In Frankfurt it is not yet clear how the renovation will be handled. However, there is an impressive plan that has real opportunities: the city will build a new house and the opera will simply move. That saves the costs for an interim. But not every city has developable land within its borders. In Munich, the Free State could not find what it was looking for in the longed-for new concert hall on its own property and had to agree to a long-term lease. The Theater an der Wien will soon be moving for two years and will benefit from the fact that the “Wien Modern” festival, in Hall E in the Museum Quarter, has a characterless alternative quarter that is suitable for operas. That is 200 places smaller than the main building. But the view is good everywhere, which is why you can charge higher entrance fees so that the income stays the same. In Austria this means: The “Massettenwert” (wonderful word!) Remains the same. However, it is unclear whether the audience will move from the old theater building, which Ludwig van Beethoven had already used and lived in, to Hall E, a fifteen-minute walk away.

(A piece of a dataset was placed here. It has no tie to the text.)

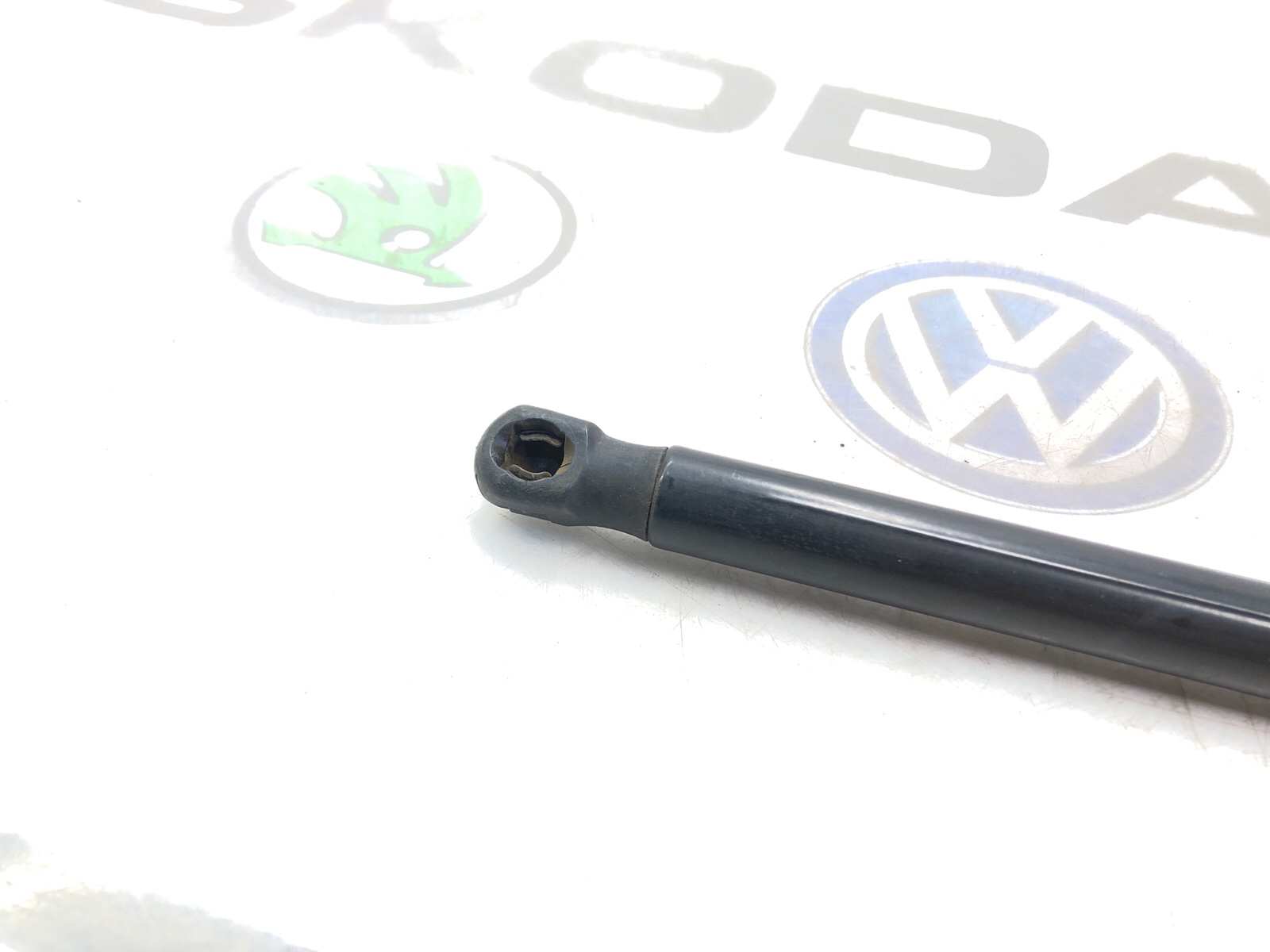 Амортизатор крышки багажника, 500 рублей, Москва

The situation is more comfortable for the Komische Oper in Berlin, which is in need of renovation. There is the Schillertheater, from 2010 to 2017 already renovation interim for the State Opera Unter den Linden. The Komische Oper will move there in 2024. The stage technology in Berlin Mitte dates in part from 1946, the stage tower is to be raised, and barrier-free access is to be created. So far, wheelchair users have only been able to get to the stalls through the stage gate. Here, too, the alternative quarter is smaller than the main building, and here too the question arises as to whether the public will move from Berlin-Mitte to Charlottenburg and back again. A metro ticket to the west? Sometimes the excessiveness of the opera is narrowed down by very banal everyday problems.